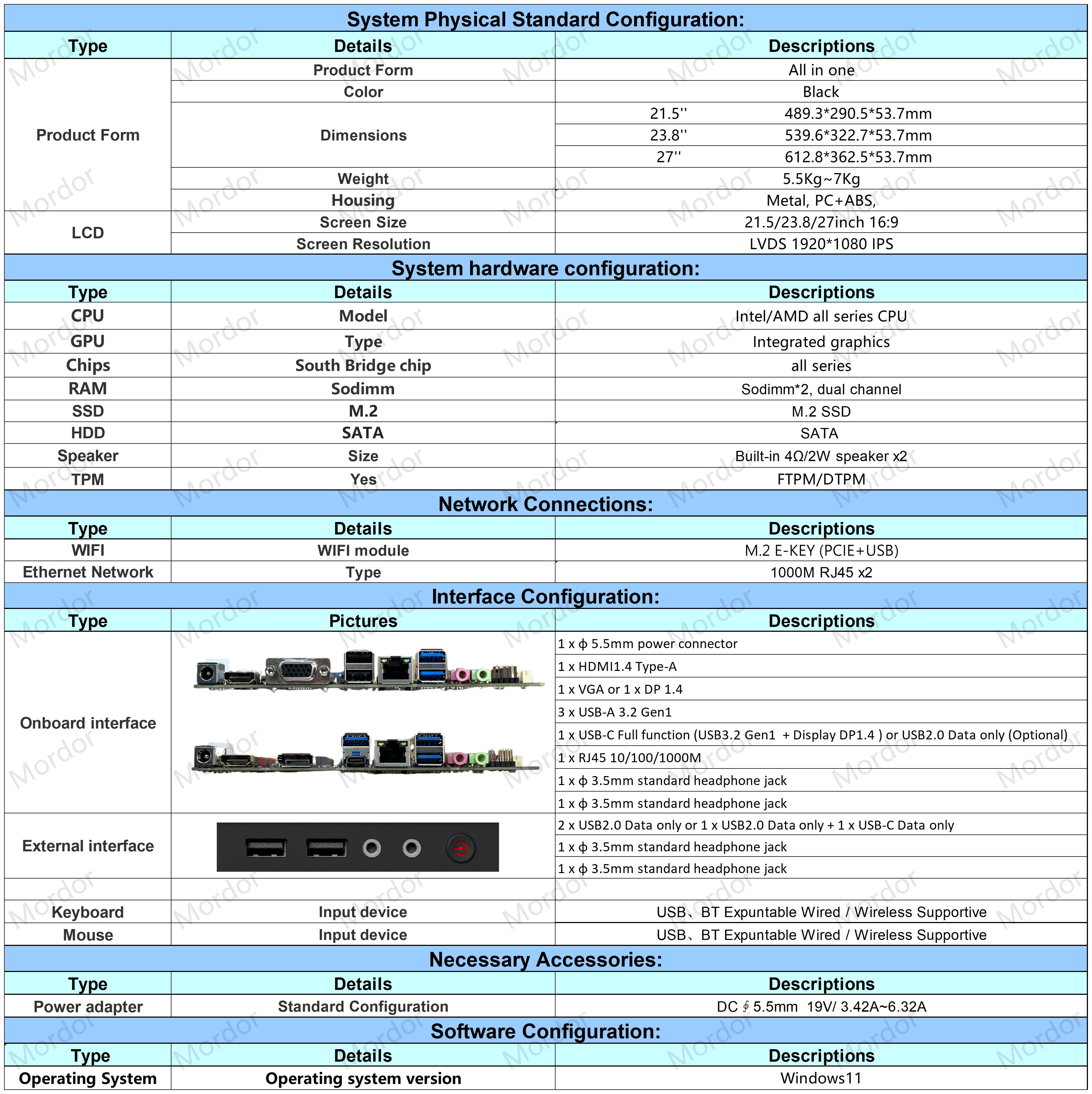 AIO02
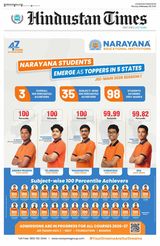 Hindustan Times Ludhiana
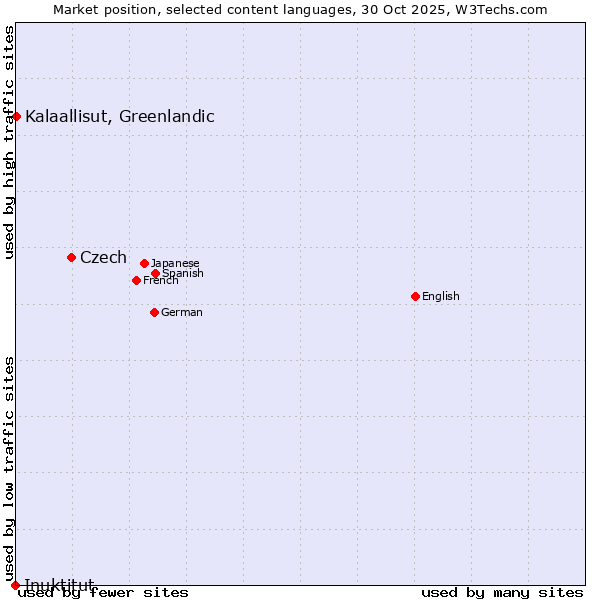 Market position of Czech vs. Kalaallisut, Greenlandic vs. Inuktitut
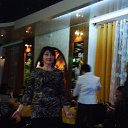 ���� ��������, ��������, 55 ��� - ��������� 7 ������ 2016 � ������ ���� ����������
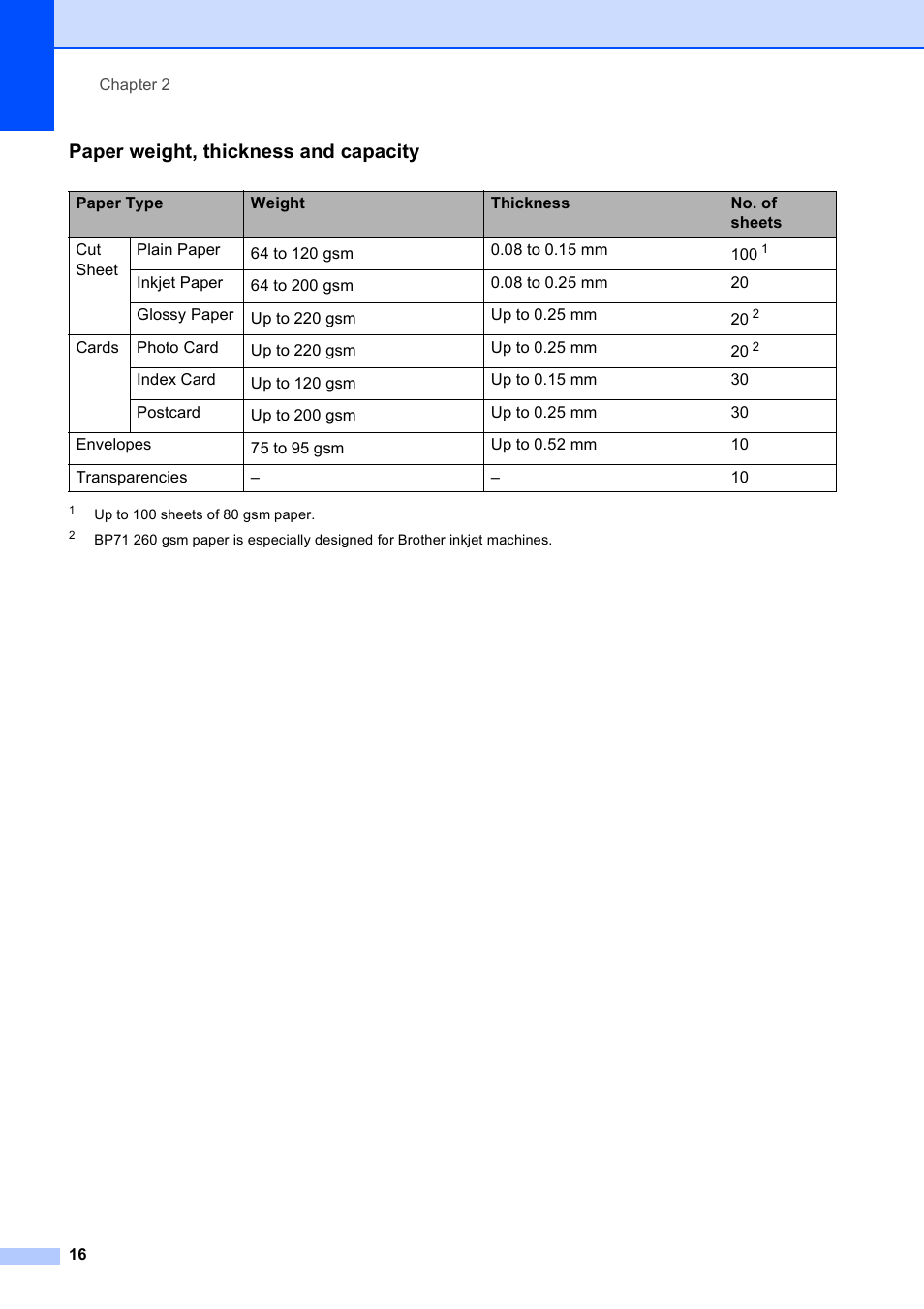 Paper weight, thickness and capacity | Brother DCP-193C User Manual | Page 24 / 118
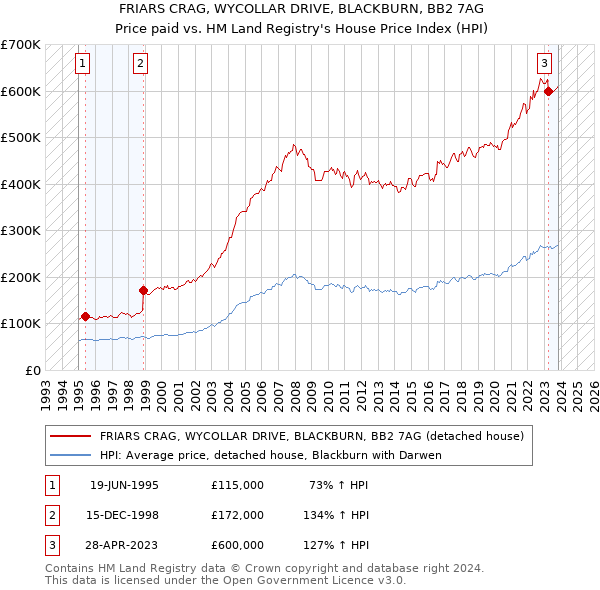 FRIARS CRAG, WYCOLLAR DRIVE, BLACKBURN, BB2 7AG: Price paid vs HM Land Registry's House Price Index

### REQUIRED ACTION
Retype the data word for word, please, and keep the images out.

### ANSWER TO THE EXERCISE
 AIO02
 Hindustan Times Ludhiana
 Market position of Czech vs. Kalaallisut, Greenlandic vs. Inuktitut
 ���� ��������, ��������, 55 ��� - ��������� 7 ������ 2016 � ������ ���� ����������
 Paper weight, thickness and capacity | Brother DCP-193C User Manual | Page 24 / 118
 FRIARS CRAG, WYCOLLAR DRIVE, BLACKBURN, BB2 7AG: Price paid vs HM Land Registry's House Price Index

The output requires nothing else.